Feature Store
/tldr: A centralized, governed repository for sharing, discovering, and serving ML features.
1. The Need for Feature Store
In machine learning, features are the inputs a model uses. The single biggest challenge in production ML is **Training-Serving Skew**—the statistical difference between the feature data used for training and the data used for real-time inference.
The Feature Store solves this by guaranteeing the exact same feature definitions, code, and values are used in both environments, ensuring consistency and reproducibility. It also provides a central hub for feature discovery and reuse across teams.
2. Dual-Store Architecture
The Databricks Feature Store utilizes two distinct storage layers optimized for different latency and volume requirements.
Offline Feature Store
Purpose: Training and Batch Inference
- **Storage:** High-volume, high-throughput storage (Delta Tables on cloud storage).

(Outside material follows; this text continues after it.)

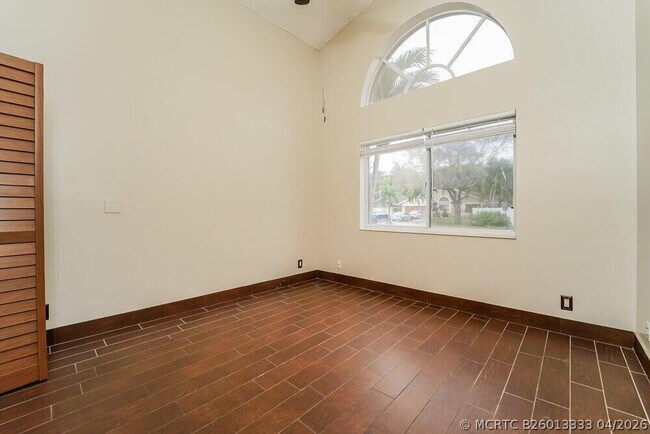 Building Photo - 6642 NW 42nd Ave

- **Latency:** High (seconds to minutes).
- **Use Case:** Joining features with historical data to create large training datasets.
Online Feature Store
Purpose: Real-Time Inference
- **Storage:** Low-latency key-value databases (e.g., DynamoDB, Azure Cosmos DB).
- **Latency:** Very low (milliseconds).
- **Use Case:** Quick lookup of the latest features when a model needs a prediction immediately.

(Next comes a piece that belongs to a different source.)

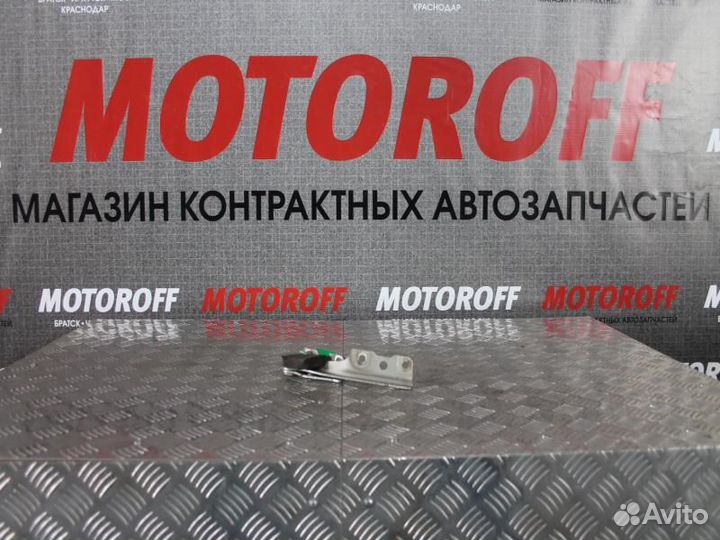 Шарнир капота правый Митсубиси Лансер CS5W А459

3. Core Workflow and Components
The Feature Store orchestrates feature creation, model training, and serving through specialized APIs.
A. Feature Creation (The Publisher)
Data engineers create a DataFrame of features (e.g., user_7_day_avg_spend) and register it with the Feature Store, defining the primary key and the expected refresh schedule.
Python Example: Publishing a Feature Table
fs = FeatureStoreClient()
fs.create_feature_table(
name='user_features.daily_agg',
primary_keys=['user_id'],
schema=spark_df.schema,
description='7-day and 30-day aggregated user spending.'
)
# Write the feature data to the offline store (Delta) and sync to the online store
fs.write_table(name='user_features.daily_agg', df=spark_df, mode='merge')
B. Training (The Consumer)
Data scientists define a TrainingSet by specifying which features and keys they need. The Feature Store automatically joins the specified features from the Offline Store with the historical target variable data.
Python Example: Creating a Training Dataset
# Define features to use
feature_lookups = [
FeatureLookup(feature_table_name='user_features.daily_agg', lookup_key='user_id')
]
# Create the training dataset (joins features to raw data)
training_df = fs.create_training_set(
df=raw_target_data, # Data with historical labels (e.g., purchase=1)
feature_lookups=feature_lookups,
label='purchased'
).load_df()
C. Inference (The Serving Bridge)
When the model is registered to MLflow, the Feature Store artifacts are included. When the model is queried for real-time predictions, the model automatically knows to fetch the required features from the **Online Store** using the same keys defined during training.
- **Automatic Lookup:** The model carries the metadata needed to look up features.
- **Latency:** Lookups happen in milliseconds against the Online Store.
The Feature Store ensures feature logic is written once but used everywhere—training and serving.